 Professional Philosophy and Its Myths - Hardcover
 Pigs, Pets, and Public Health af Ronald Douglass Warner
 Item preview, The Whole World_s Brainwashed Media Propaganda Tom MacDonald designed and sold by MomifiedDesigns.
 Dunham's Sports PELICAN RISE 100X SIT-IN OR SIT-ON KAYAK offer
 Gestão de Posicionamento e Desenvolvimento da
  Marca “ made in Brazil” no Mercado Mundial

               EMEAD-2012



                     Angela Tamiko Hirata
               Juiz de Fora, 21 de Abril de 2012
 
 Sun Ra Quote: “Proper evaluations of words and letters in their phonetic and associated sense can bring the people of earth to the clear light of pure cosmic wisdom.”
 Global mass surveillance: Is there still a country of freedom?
-=-=-=-=-
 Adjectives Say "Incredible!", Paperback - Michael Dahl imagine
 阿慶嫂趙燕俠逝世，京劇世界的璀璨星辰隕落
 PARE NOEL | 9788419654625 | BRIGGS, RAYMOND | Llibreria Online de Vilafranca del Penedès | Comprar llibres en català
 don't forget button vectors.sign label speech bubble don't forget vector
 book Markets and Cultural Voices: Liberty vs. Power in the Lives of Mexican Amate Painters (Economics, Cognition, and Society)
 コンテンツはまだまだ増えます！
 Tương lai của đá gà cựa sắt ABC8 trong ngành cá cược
-=-=-=-=-
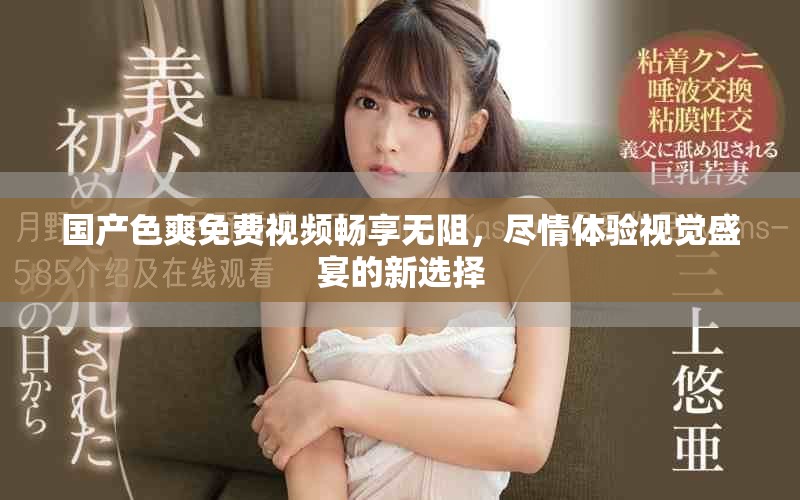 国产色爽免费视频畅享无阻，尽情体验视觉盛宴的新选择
-=-=-=-=-
--- YOUR INSTRUCTIONS ---
Among the lines above, find the one with "Item preview, The" and the one with "evaluations of words". Quote both and everything between them, exactly.

--- ANSWER TO THIS TASK ---
 Item preview, The Whole World_s Brainwashed Media Propaganda Tom MacDonald designed and sold by MomifiedDesigns.
 Dunham's Sports PELICAN RISE 100X SIT-IN OR SIT-ON KAYAK offer
 Gestão de Posicionamento e Desenvolvimento da
  Marca “ made in Brazil” no Mercado Mundial

               EMEAD-2012



                     Angela Tamiko Hirata
               Juiz de Fora, 21 de Abril de 2012
 
 Sun Ra Quote: “Proper evaluations of words and letters in their phonetic and associated sense can bring the people of earth to the clear light of pure cosmic wisdom.”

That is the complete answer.